EXERCISE: The answer is the data below, repeated exactly, with no pictures included.
↓↓↓
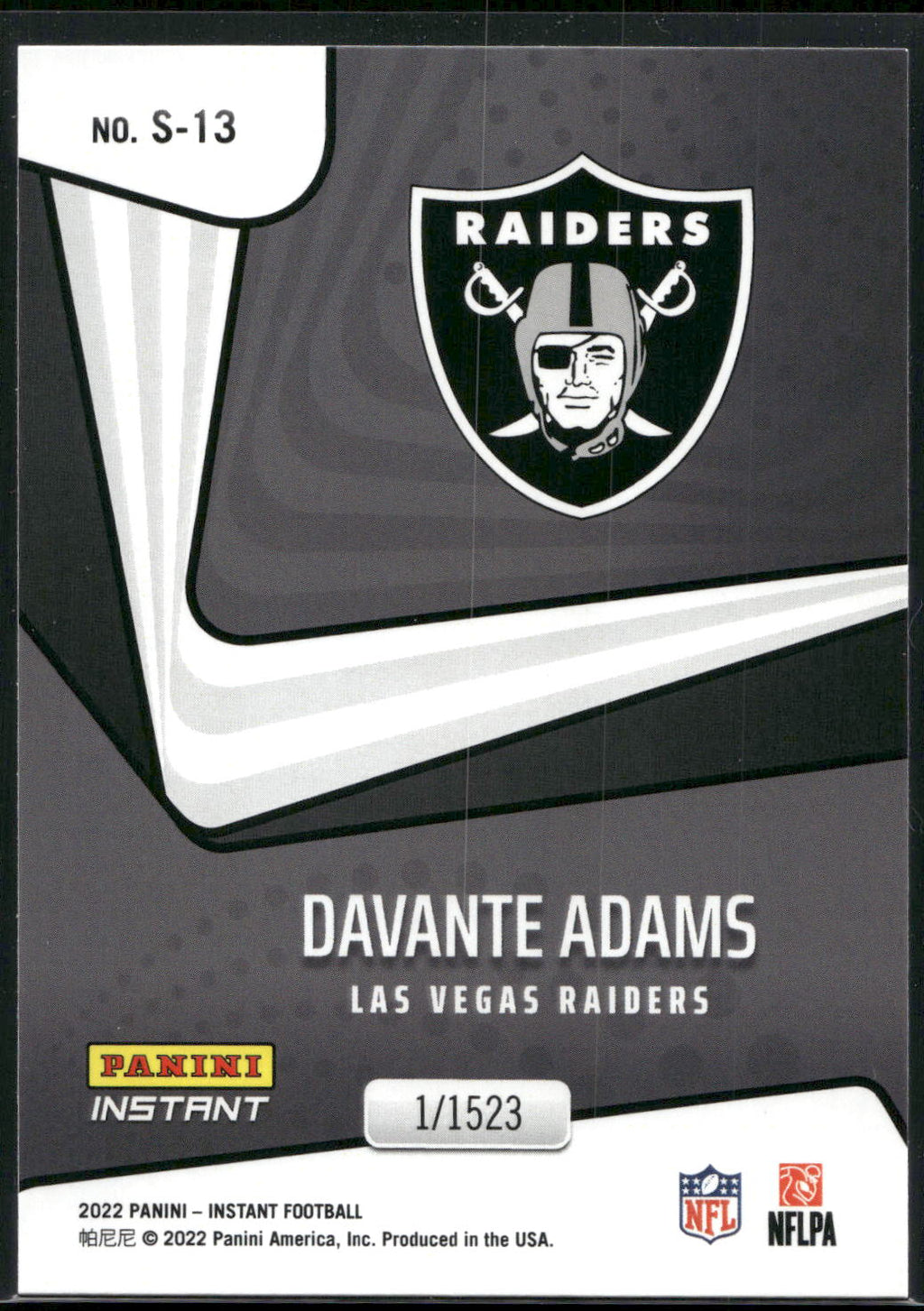 2022 Panini Instant Supernova #S-13 Davante Adams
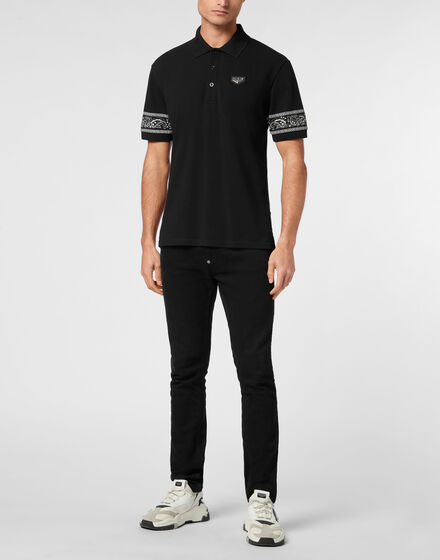 Polo Shirt Paisley Gothic Plein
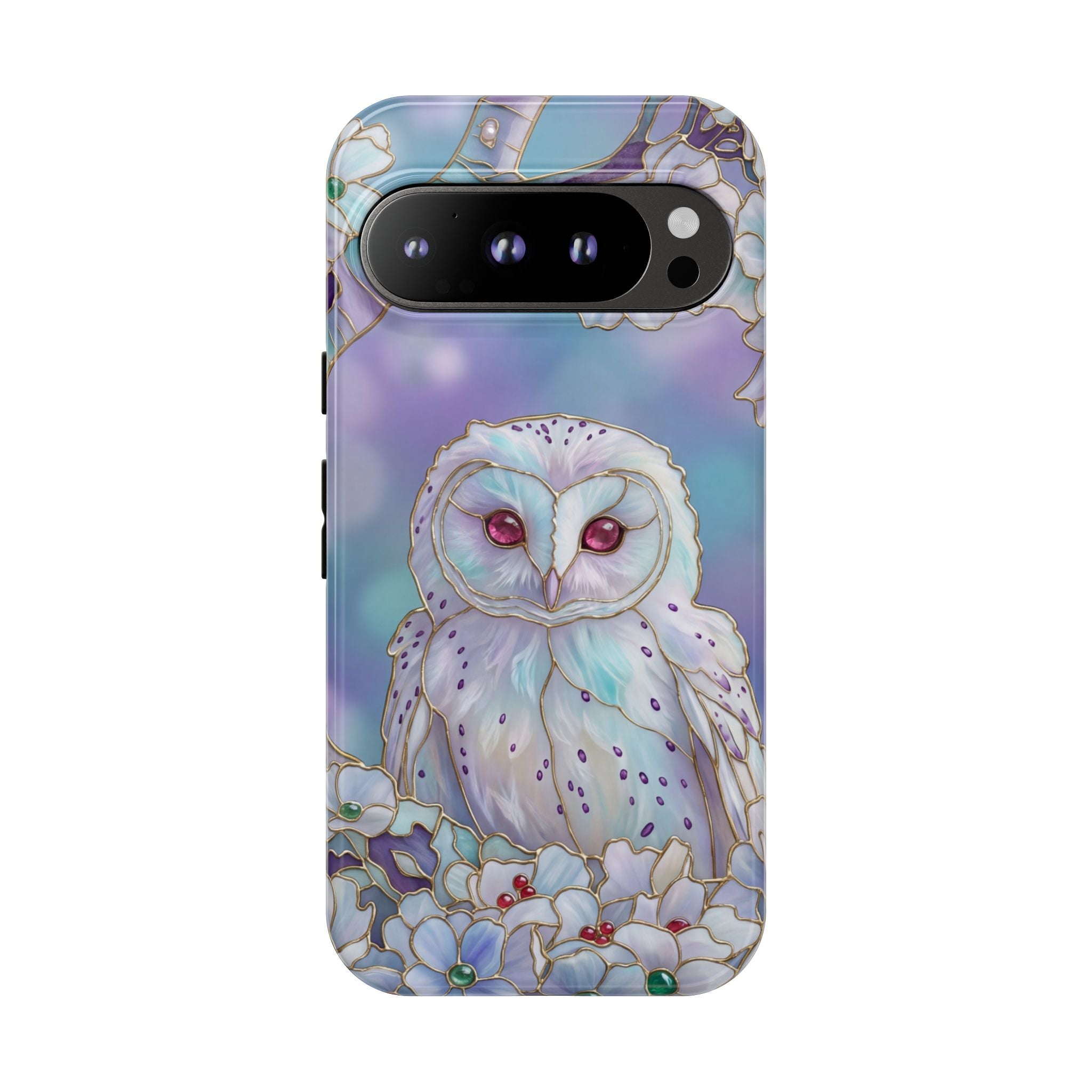 Pastel Floral  Mystical Barn Owl Google Pixel Case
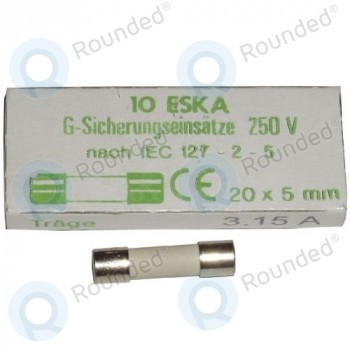 ESKA Siguranta ceramica pentru cuptor cu microunde 3.15AT 5x20mm (10buc) foto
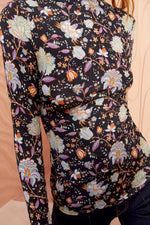 Ulla Johnson Aurelia Turtleneck Top in Nuit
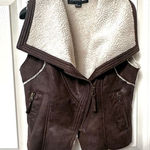 Forever 21  brown faux leather zip up vest Photo 0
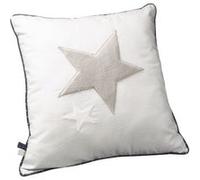 Coussin décoratif en coton étoile - merlin blanc TU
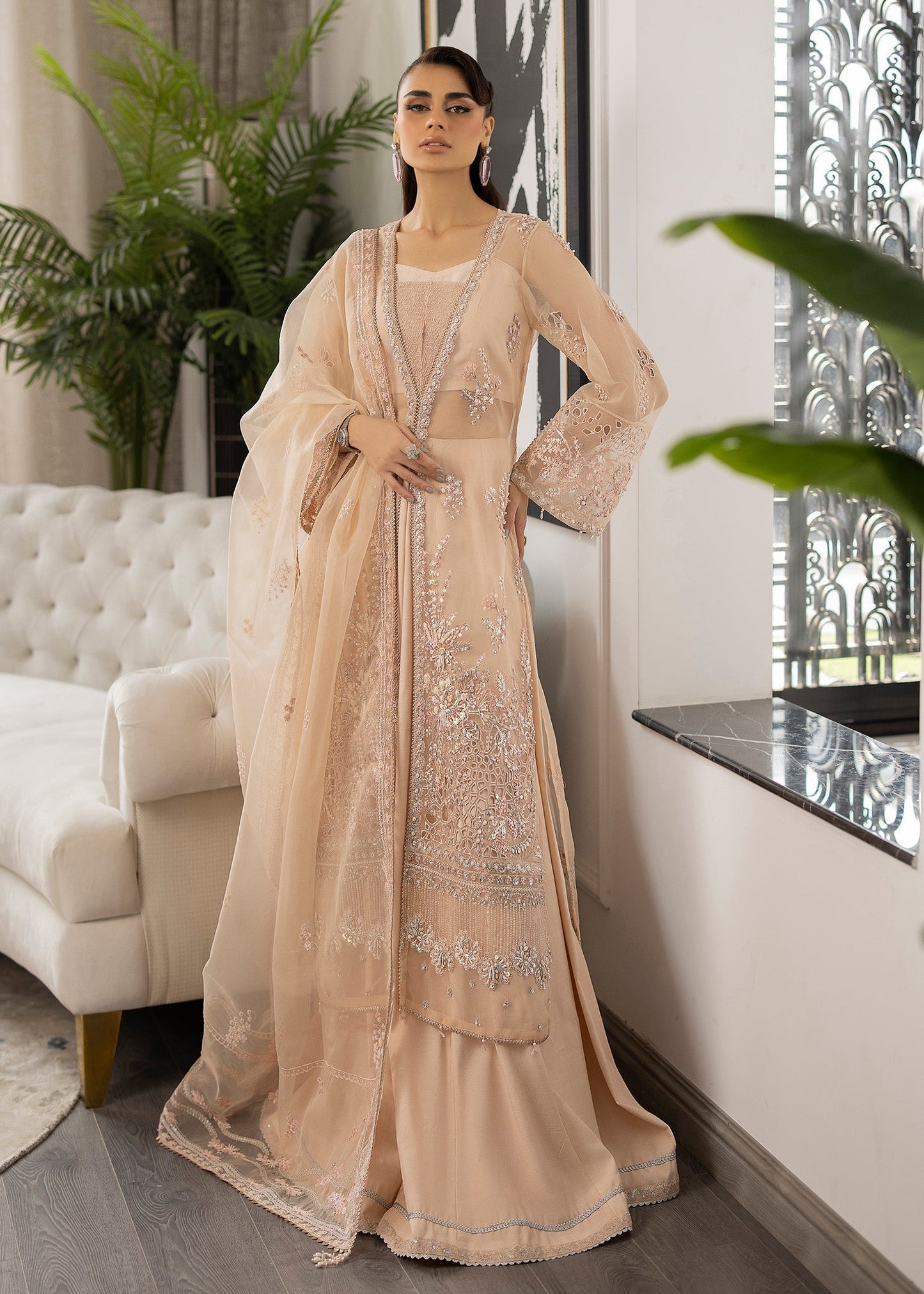 Sardinia | La More 24 | Peach Blossom - Pakistani Designer Dress - by Sardinia | Type: Ladies Clothes - 100% Original at Saira Sultan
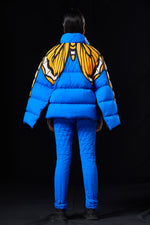 BUTTERFLY PAPER CUTTING PROCESS OVERSIZED GOOSE DOWN JACKET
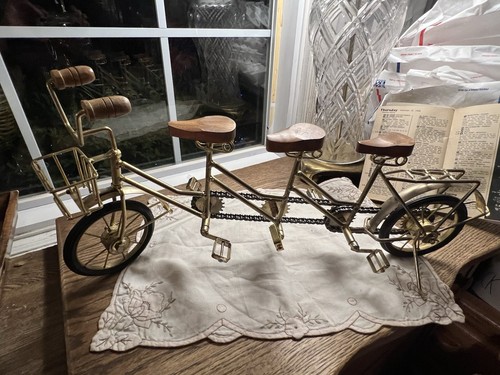 Vintage goldtone metal - vintage, tandem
↑↑↑
YOUR RESPONSE:
 2022 Panini Instant Supernova #S-13 Davante Adams
 Polo Shirt Paisley Gothic Plein
 Pastel Floral  Mystical Barn Owl Google Pixel Case
 ESKA Siguranta ceramica pentru cuptor cu microunde 3.15AT 5x20mm (10buc) foto
 Ulla Johnson Aurelia Turtleneck Top in Nuit
 Forever 21  brown faux leather zip up vest Photo 0
 Coussin décoratif en coton étoile - merlin blanc TU
 Sardinia | La More 24 | Peach Blossom - Pakistani Designer Dress - by Sardinia | Type: Ladies Clothes - 100% Original at Saira Sultan
 BUTTERFLY PAPER CUTTING PROCESS OVERSIZED GOOSE DOWN JACKET
 Vintage goldtone metal - vintage, tandem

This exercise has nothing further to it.